Exactly the lines from the opening of the records through the line containing "平和屋着物●訪問着 刺繍 御所解宝尽くし文" should be copied, with both included.

EXERCISE INPUTS =
Segment Open

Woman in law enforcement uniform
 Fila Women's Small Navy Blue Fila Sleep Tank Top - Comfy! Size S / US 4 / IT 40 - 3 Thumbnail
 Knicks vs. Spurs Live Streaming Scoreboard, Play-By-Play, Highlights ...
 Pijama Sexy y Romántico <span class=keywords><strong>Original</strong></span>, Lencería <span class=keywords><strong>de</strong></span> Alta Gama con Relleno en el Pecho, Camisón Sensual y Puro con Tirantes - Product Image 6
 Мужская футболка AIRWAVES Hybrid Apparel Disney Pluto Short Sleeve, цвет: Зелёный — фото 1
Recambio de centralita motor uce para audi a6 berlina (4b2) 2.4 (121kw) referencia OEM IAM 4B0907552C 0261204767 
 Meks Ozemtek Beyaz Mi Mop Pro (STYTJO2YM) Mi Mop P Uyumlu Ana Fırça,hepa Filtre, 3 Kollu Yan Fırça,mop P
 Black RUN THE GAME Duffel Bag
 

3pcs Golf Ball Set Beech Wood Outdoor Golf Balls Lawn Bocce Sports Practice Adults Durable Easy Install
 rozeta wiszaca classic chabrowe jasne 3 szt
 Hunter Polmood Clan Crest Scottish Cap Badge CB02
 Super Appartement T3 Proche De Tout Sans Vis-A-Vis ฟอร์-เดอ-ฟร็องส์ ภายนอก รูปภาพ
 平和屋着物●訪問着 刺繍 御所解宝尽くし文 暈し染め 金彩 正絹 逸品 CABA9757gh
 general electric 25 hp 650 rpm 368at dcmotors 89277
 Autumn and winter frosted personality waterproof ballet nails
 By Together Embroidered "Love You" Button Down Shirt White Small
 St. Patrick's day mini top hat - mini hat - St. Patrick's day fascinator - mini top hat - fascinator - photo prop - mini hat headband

Segment Closed

WRITTEN ANSWER =
Woman in law enforcement uniform
 Fila Women's Small Navy Blue Fila Sleep Tank Top - Comfy! Size S / US 4 / IT 40 - 3 Thumbnail
 Knicks vs. Spurs Live Streaming Scoreboard, Play-By-Play, Highlights ...
 Pijama Sexy y Romántico <span class=keywords><strong>Original</strong></span>, Lencería <span class=keywords><strong>de</strong></span> Alta Gama con Relleno en el Pecho, Camisón Sensual y Puro con Tirantes - Product Image 6
 Мужская футболка AIRWAVES Hybrid Apparel Disney Pluto Short Sleeve, цвет: Зелёный — фото 1
Recambio de centralita motor uce para audi a6 berlina (4b2) 2.4 (121kw) referencia OEM IAM 4B0907552C 0261204767 
 Meks Ozemtek Beyaz Mi Mop Pro (STYTJO2YM) Mi Mop P Uyumlu Ana Fırça,hepa Filtre, 3 Kollu Yan Fırça,mop P
 Black RUN THE GAME Duffel Bag
 

3pcs Golf Ball Set Beech Wood Outdoor Golf Balls Lawn Bocce Sports Practice Adults Durable Easy Install
 rozeta wiszaca classic chabrowe jasne 3 szt
 Hunter Polmood Clan Crest Scottish Cap Badge CB02
 Super Appartement T3 Proche De Tout Sans Vis-A-Vis ฟอร์-เดอ-ฟร็องส์ ภายนอก รูปภาพ
 平和屋着物●訪問着 刺繍 御所解宝尽くし文 暈し染め 金彩 正絹 逸品 CABA9757gh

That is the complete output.